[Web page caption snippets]
┄┄┄┄┄┄┄┄┄┄┄┄┄┄┄┄┄┄┄┄
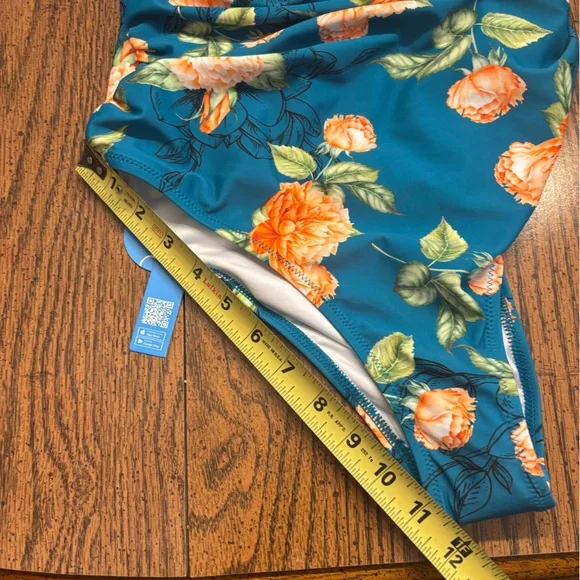 NWT Cupshe women’s one piece swim halter with underwire Large - Picture 12 of 13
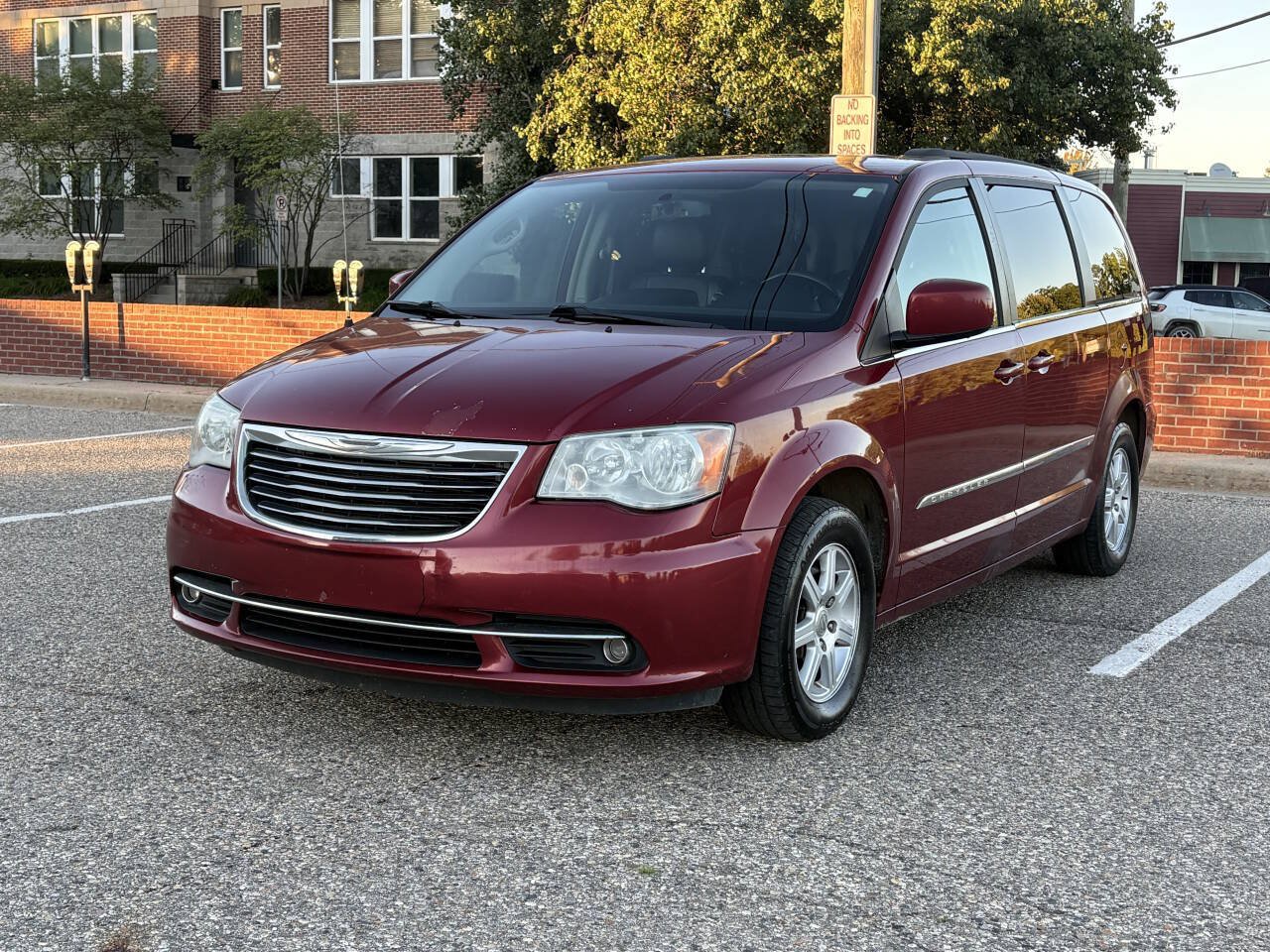 Used 2012 Chrysler Town & Country Touring w/ Entertainment Group #1 FWD image 1
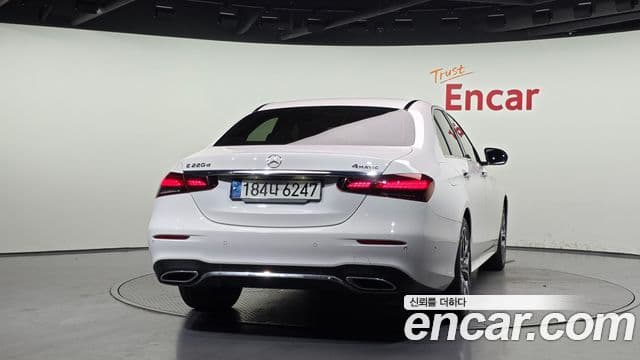 Mercedes-Benz E-Class 2021 — ფოტო 4/20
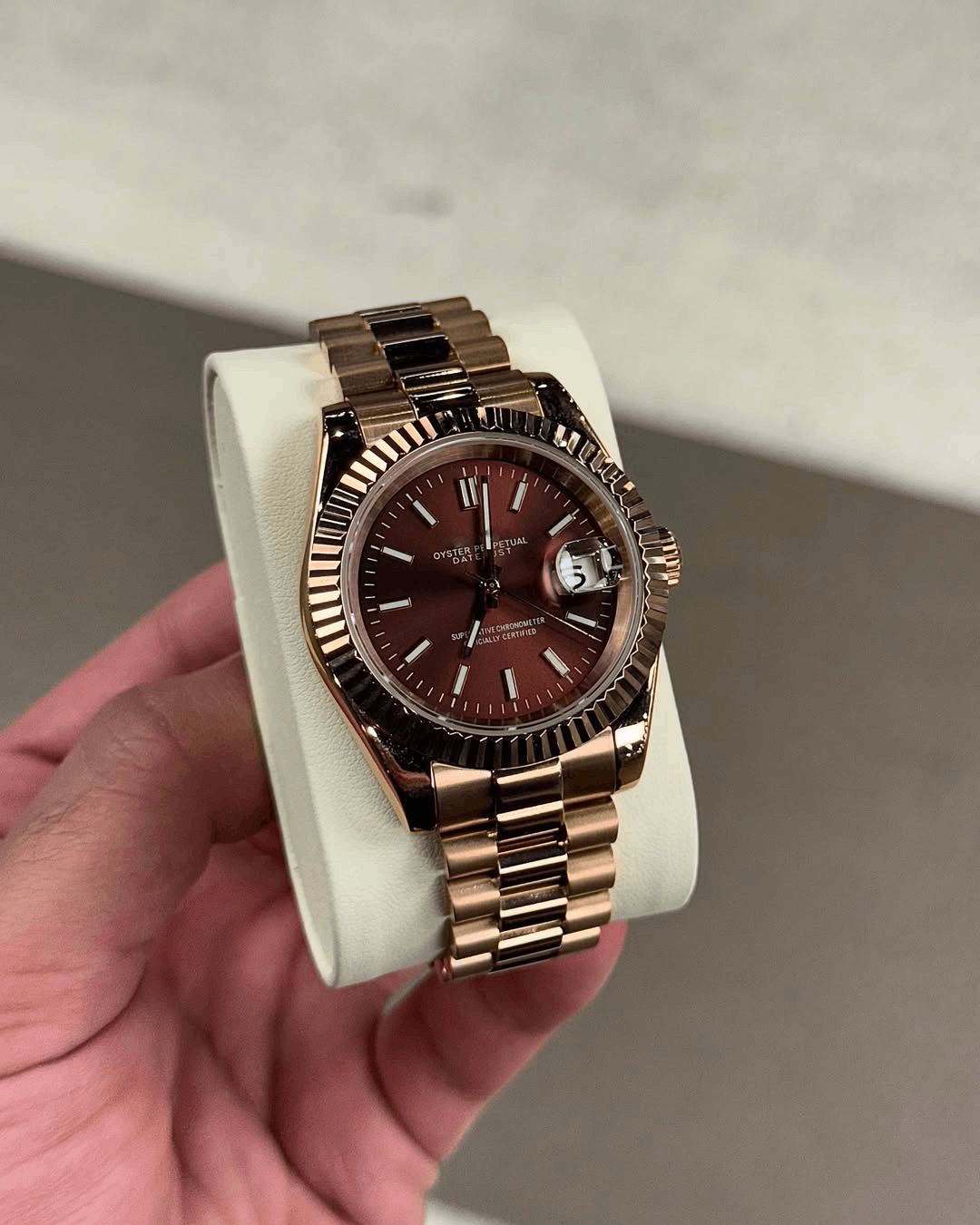 Classic Date Chocolate Roman Dial
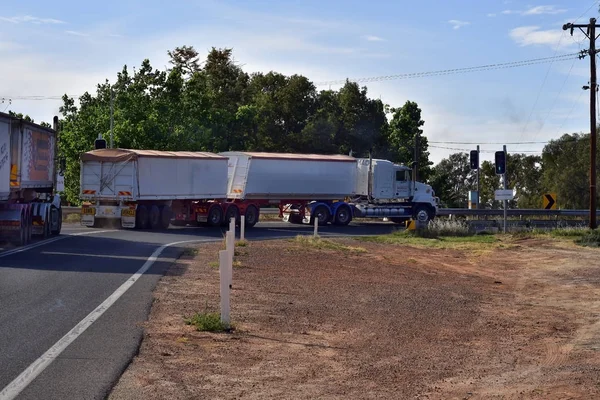 Curlwaa Nsw Australia Novembre 2017 Camion Con Rimorchi Solito Denominati — Foto Stock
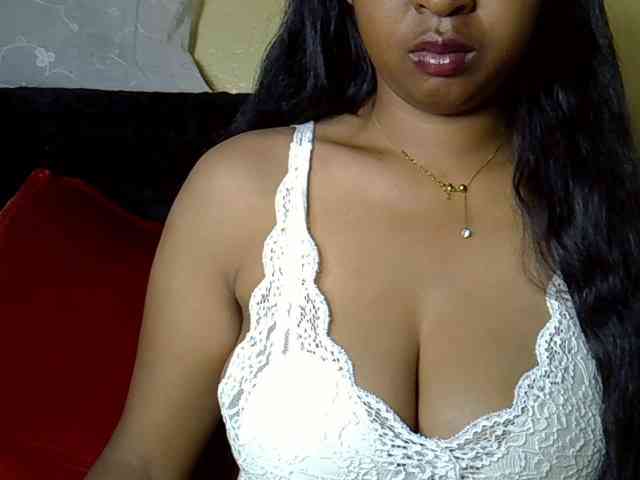 Queenihot webcam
┄┄┄┄┄┄┄┄┄┄┄┄┄┄┄┄┄┄┄┄
■ Task instructions ■
Starting at the line that contains "Classic Date Chocolate Roman Dial", transcribe each line through the last one of the entries above, exactly and without pictures.

■ Final answer ■
 Classic Date Chocolate Roman Dial
 Curlwaa Nsw Australia Novembre 2017 Camion Con Rimorchi Solito Denominati — Foto Stock
 Queenihot webcam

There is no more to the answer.